• **TASK DETAILS**
Omitting all images, output the entries that follow exactly as written.

** DATA LISTING follows **

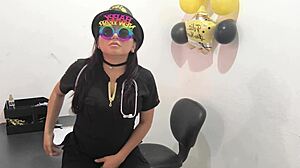 hot nurse preps anal plug for horny office lady's plump buttocks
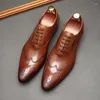 Dress Shoes European Version Leather Men Formal Men's Lace Point Work Wear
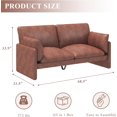 thumbnail image 3 of YODOLLA 68" Loveseat Sofa Couch for living room leather couch with Soft Cushions & Thick Armrests in Brown, 3 of 7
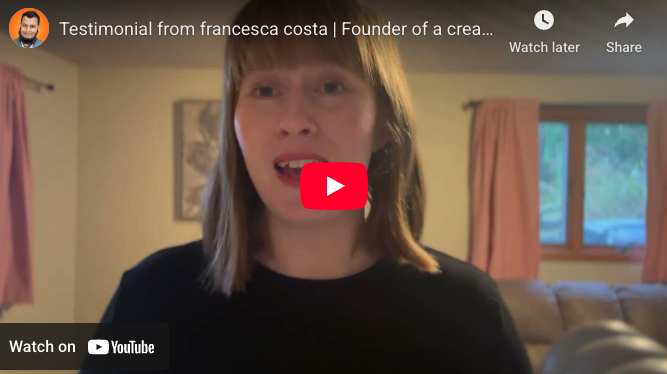 screenshot of the first view of the testimonial talha received from his client francesca cost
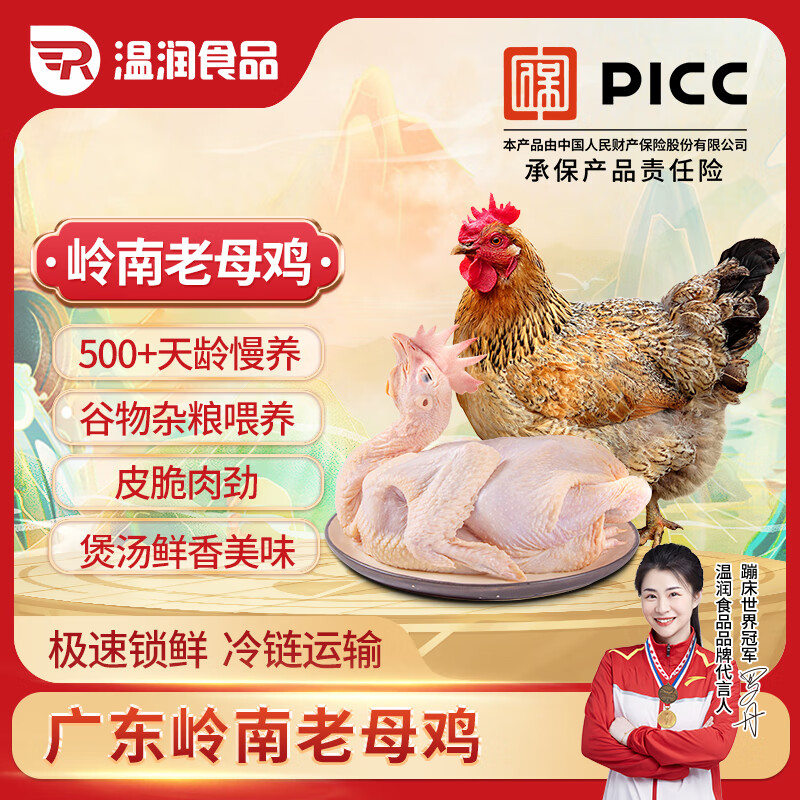 温润食品岭南老母鸡2.4斤农家散养笨鸡500天龄以上生鲜鸡肉老母鸡汤柴鸡 27.34元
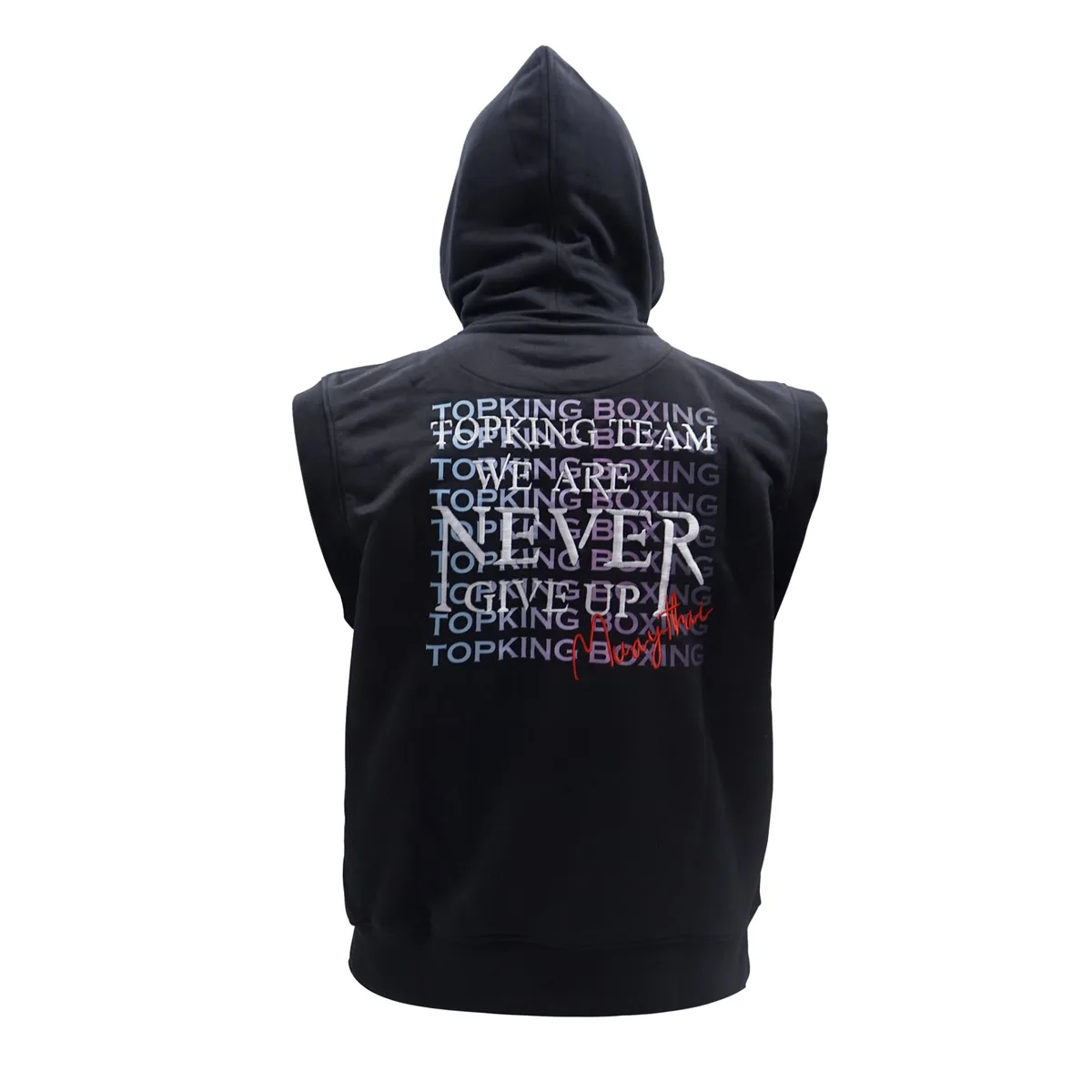 Мъжки суитшърт без ръкави TOPKING SLEEVELESS HOODIE, изглед отзад, показващ кройката и гърба на модела.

** End of DATA LISTING **

• **ANSWER BELOW**
 hot nurse preps anal plug for horny office lady's plump buttocks
 Dress Shoes European Version Leather Men Formal Men's Lace Point Work Wear
 thumbnail image 3 of YODOLLA 68" Loveseat Sofa Couch for living room leather couch with Soft Cushions & Thick Armrests in Brown, 3 of 7
 screenshot of the first view of the testimonial talha received from his client francesca cost
 温润食品岭南老母鸡2.4斤农家散养笨鸡500天龄以上生鲜鸡肉老母鸡汤柴鸡 27.34元
 Мъжки суитшърт без ръкави TOPKING SLEEVELESS HOODIE, изглед отзад, показващ кройката и гърба на модела.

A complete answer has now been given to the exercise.